[Brief descriptive captions]

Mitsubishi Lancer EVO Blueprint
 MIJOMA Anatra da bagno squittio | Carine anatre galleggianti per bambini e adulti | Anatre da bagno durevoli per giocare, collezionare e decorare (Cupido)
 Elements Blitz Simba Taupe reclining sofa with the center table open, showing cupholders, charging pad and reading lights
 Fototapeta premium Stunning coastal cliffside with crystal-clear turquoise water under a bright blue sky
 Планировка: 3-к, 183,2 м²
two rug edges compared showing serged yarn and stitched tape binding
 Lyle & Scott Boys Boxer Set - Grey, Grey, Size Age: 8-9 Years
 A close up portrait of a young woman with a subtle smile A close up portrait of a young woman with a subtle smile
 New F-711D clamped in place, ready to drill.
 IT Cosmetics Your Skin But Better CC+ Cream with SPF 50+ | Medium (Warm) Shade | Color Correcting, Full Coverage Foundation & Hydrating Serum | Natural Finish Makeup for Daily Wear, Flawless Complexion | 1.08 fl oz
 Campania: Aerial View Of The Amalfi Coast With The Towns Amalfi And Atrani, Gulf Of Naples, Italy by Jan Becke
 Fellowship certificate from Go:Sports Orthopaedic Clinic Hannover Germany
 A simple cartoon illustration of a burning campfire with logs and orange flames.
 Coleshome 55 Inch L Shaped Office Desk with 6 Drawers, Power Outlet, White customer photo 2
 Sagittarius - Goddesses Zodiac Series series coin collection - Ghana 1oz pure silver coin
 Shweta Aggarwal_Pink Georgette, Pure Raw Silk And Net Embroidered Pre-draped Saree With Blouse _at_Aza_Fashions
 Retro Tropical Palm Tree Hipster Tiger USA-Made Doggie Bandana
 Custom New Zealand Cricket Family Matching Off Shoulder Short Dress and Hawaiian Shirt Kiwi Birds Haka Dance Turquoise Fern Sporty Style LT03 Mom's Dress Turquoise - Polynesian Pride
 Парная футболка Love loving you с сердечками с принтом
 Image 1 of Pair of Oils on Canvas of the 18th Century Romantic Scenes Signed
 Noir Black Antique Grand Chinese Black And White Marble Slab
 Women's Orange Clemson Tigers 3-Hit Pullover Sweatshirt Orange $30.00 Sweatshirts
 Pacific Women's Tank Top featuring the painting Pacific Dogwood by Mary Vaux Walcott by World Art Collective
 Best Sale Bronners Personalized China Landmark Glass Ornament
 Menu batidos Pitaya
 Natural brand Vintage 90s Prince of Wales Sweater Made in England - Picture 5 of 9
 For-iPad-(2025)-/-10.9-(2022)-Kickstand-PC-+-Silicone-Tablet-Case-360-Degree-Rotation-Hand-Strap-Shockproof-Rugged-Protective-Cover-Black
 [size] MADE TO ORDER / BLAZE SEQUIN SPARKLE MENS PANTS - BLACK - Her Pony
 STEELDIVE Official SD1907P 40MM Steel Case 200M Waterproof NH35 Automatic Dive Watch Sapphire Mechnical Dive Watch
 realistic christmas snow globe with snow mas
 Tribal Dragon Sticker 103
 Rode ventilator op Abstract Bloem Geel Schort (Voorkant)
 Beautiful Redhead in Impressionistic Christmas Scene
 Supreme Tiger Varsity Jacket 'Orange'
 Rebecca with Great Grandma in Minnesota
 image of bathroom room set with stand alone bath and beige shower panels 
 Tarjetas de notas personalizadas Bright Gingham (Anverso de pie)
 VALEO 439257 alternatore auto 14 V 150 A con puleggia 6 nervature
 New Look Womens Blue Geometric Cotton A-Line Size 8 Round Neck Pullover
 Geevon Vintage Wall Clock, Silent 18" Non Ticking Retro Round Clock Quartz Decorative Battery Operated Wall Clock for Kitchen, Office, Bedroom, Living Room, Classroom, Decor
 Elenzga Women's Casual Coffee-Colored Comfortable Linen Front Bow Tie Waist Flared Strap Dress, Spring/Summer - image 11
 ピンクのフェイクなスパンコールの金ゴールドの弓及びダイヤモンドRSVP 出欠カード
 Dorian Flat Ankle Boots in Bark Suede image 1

(Prompt):
Report the lines above that contain "Strap".

(Task answer):
 For-iPad-(2025)-/-10.9-(2022)-Kickstand-PC-+-Silicone-Tablet-Case-360-Degree-Rotation-Hand-Strap-Shockproof-Rugged-Protective-Cover-Black
 Elenzga Women's Casual Coffee-Colored Comfortable Linen Front Bow Tie Waist Flared Strap Dress, Spring/Summer - image 11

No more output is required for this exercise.